Eşitsizlik medeniyet için ödenmiş bir bedeldir. Kitlelerin bilinci olumsuz biçimde etkilenmelidir.’
Bugün insanların mutsuz ve kaygılı bakışları, bu yapılana en iyi örneği teşkil etmiyor mu? Hep
çalışmak ve asla yetememek… İşte birileri tarafından en alta konumlandırılanlara biçilen kader…
PEKİ, SAVAŞ BARIŞ MIDIR?
Partinin iki amacı vardır. İlki, tüm dünyaya hâkim olmak, ikincisi ise bağımsız düşünceyi sonsuza kadar
ortadan kaldırmaktır. Bu amaca yönelik olarak toplumu nefret duygusuyla şekillendirmek gerekir.
Orwell’ın distopyasında, her gün düzenli olarak yapılan “iki dakikalık nefret” seansları, “Nefret
Haftası” gibi etkinliklerle kendilerinden olmayanı lanetleyen ve yok edilmesini isteyen tüm
katılımcılar, öfke çığlıkları ile kendilerinden geçerler. Bu distopya da yaratılan illüzyon ortamı, yarı
tanrısallaştırılmış bir lider ve aralıksız devam eden savaşla yönlendirilir. İhtiyaçları en aza indirilmiş
halkın yarattığı kısıtlı alım gücüne dayalı olarak can çekişen ekonomi de bu kurgunun baş tacıdır.
Asrın liderinin, gençlere hitap ettiği bir toplantıda, “dindar ve kindar” kelimelerini yan yana getirerek,
mücadele vermelerini öğütleyen sözleri kulaklardan silinmedi. Asrın liderine dokunmanın sevap
olduğu hatta cennetle ödüllendirileceğini söyleyen kerameti kendinden menkul kişiliklere, kadınların
eklenmesini anlamak mümkün değildir. “Asrın lideri isterse haremine girerim.”, “çocuklarımın da
canı size feda olsun” sözlerini bir kadının sarf edebilme aklı evvelliğinin izahı var mıdır?

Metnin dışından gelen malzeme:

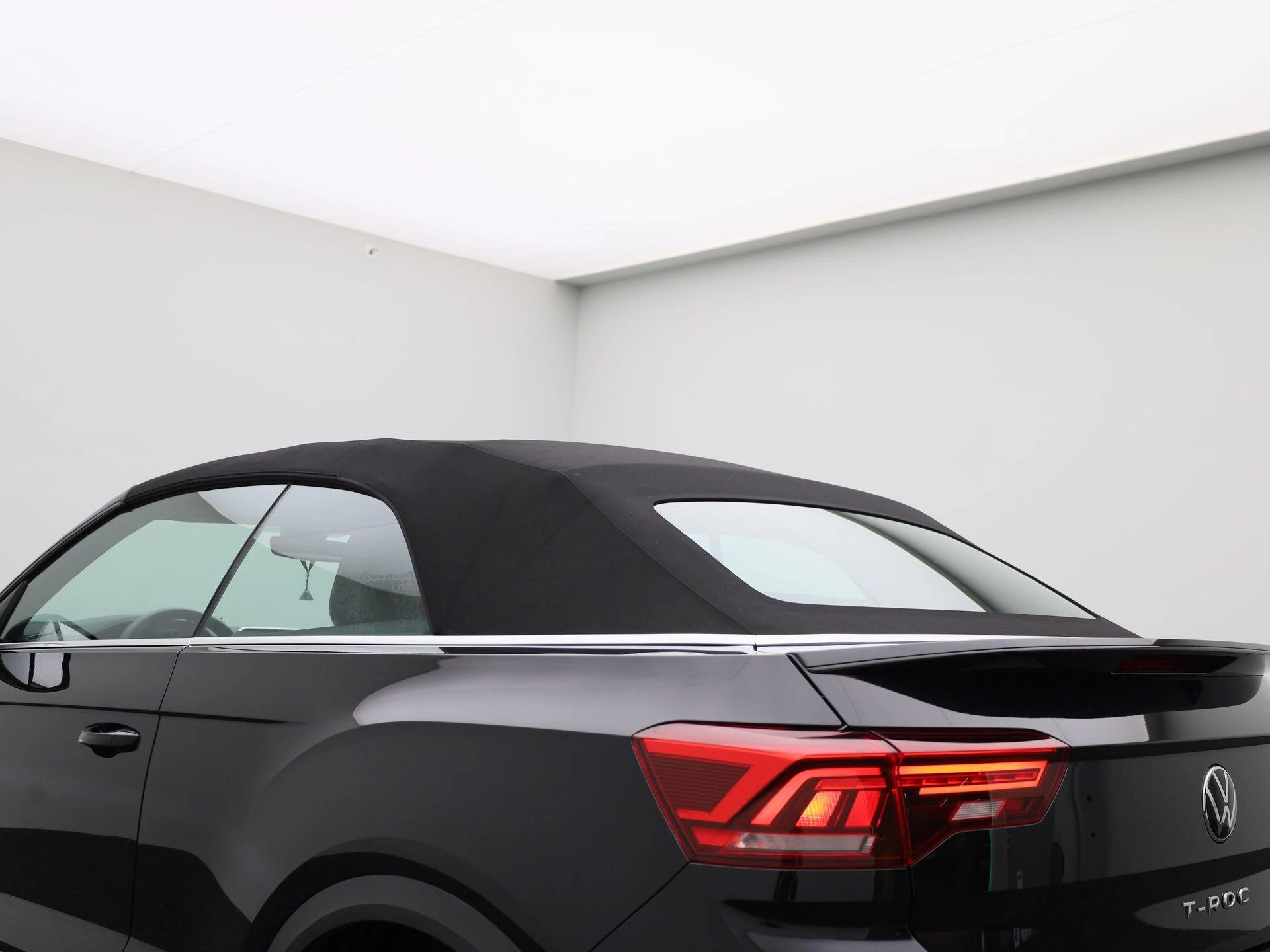 Volkswagen-T-Roc-image-34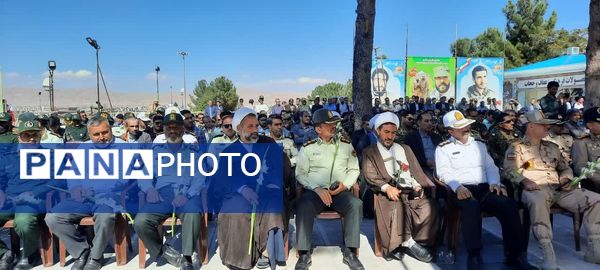 گلباران مزار مطهر شهدا به‌مناسبت هفته دفاع مقدس در بجنورد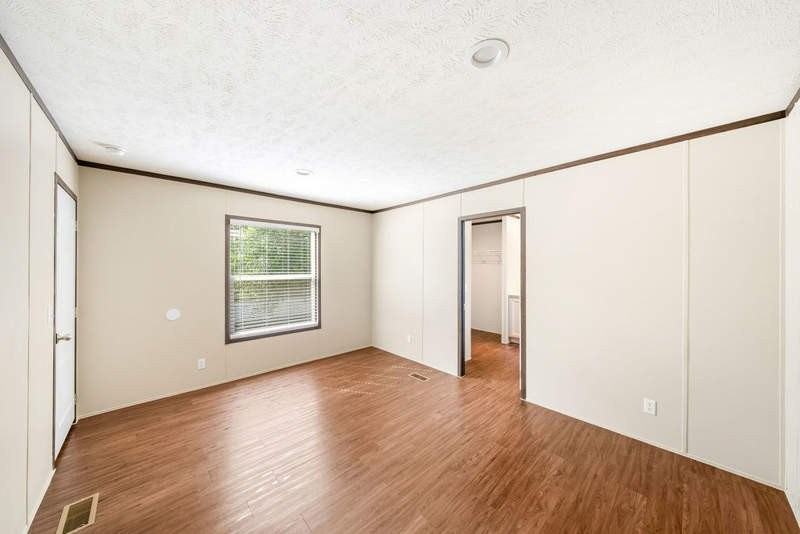210 Peggy St - Photo 5 of 14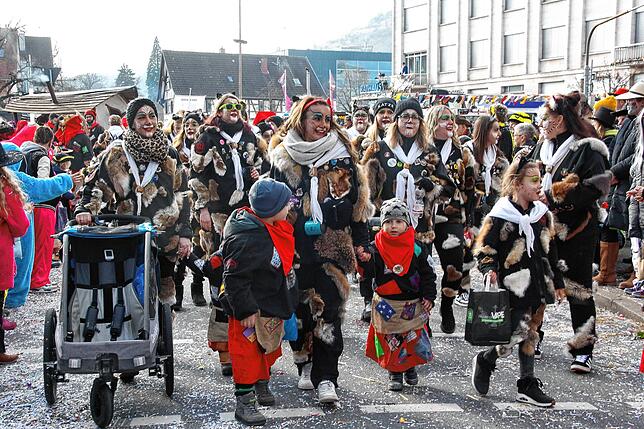 Bild 13: Sonne für die Narren: Großer Fasnet-Umzug begeistert in Singen!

Komşularla sıfır sorun ilkesinden hareketle değerli yalnızlığa geçiş arasındaki süreçte, kucağımızda
bulduğumuz Suriye ve mülteci sorunu… Bir türlü bitirilmek istenmeyen PKK terörü… Başlangıçta keçi
bile otlamayan adalar diyerek ahkâm kesen sözüm ona gazeteciler ve çömez dış politikacıların
sonradan farkına vardıkları stratejik önemin yarattığı huzursuzluk… Kanal İstanbul ile ülkeyi bölme
mücadeleleri… Gibi pek çok örnek vermek mümkün…
Tüm bunlar Orwell’ın bahsettiği kitle bilincinin olumsuz etkilemek amacıyla yapılan planlı programlı,
mental savaş durumu ile her an sinir teyakkuzunda bulunmayı sağlayan atmosferi yaratmakta etkili
olmaktadır. Bu anlamsızlıklar bütünüyle uğraşan kitleler, baka kötü gidişlerin, çıkar ilişkilerinin, çöken
ekonomik sistemi göremez. Görse de mücadele edecek gücü kendinde bulamaz.

Göğüs göğüse savaşmıyoruz… Ama huzursuzuz… Endişeliyiz… Kredi kartlarının verdiği konfor
alanlarının yarattığı borçlu yaşamın mücadelesi hepimizi çok yordu… Bundan beslenen iç ve dış şer
mihraklarının yarattığı sıcak savaştan uzak “barışımsı savaş” durumu, bir kez daha Orwell’i haklı
çıkarıyor…
Tüm bunların ışığında, ne özgürlükten ne de kölelikten bahsedebilmek mümkün mü? Elimizden alınan
sanat, indirgenmiş 2.5 gazete ile dayatılan sansür yasası eşliğindeki çırpınışlarımız, hoş bir sada olarak kalacaktır.